▶ _ACTIVITY_: After finding the line that contains "a living room", give again that line and each one following it, exactly, until the records end.
* * * * * * * * *
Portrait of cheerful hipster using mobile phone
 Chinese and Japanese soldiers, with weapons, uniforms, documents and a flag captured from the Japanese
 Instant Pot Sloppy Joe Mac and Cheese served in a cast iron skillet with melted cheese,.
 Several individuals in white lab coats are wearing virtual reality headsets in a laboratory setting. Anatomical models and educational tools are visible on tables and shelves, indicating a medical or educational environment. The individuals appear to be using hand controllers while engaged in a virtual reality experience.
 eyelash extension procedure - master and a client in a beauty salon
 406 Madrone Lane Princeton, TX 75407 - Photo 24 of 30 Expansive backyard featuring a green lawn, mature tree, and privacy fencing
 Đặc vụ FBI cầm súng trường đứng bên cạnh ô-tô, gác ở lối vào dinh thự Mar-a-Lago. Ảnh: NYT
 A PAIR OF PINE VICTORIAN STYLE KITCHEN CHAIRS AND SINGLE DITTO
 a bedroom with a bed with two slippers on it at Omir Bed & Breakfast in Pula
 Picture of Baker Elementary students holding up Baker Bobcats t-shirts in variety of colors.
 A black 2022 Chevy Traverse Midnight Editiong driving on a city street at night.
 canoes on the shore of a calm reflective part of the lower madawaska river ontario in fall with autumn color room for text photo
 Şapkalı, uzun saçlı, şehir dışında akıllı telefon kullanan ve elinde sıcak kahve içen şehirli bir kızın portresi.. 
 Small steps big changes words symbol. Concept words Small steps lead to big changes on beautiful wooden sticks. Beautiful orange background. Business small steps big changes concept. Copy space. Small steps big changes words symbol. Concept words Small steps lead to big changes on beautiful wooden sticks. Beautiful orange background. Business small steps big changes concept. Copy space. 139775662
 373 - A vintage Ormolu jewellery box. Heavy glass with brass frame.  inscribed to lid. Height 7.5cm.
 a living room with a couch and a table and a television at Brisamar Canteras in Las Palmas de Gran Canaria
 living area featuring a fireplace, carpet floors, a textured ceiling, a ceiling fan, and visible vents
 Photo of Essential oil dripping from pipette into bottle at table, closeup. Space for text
* * * * * * * * *
▶ _EXERCISE RESULT_:
 a living room with a couch and a table and a television at Brisamar Canteras in Las Palmas de Gran Canaria
 living area featuring a fireplace, carpet floors, a textured ceiling, a ceiling fan, and visible vents
 Photo of Essential oil dripping from pipette into bottle at table, closeup. Space for text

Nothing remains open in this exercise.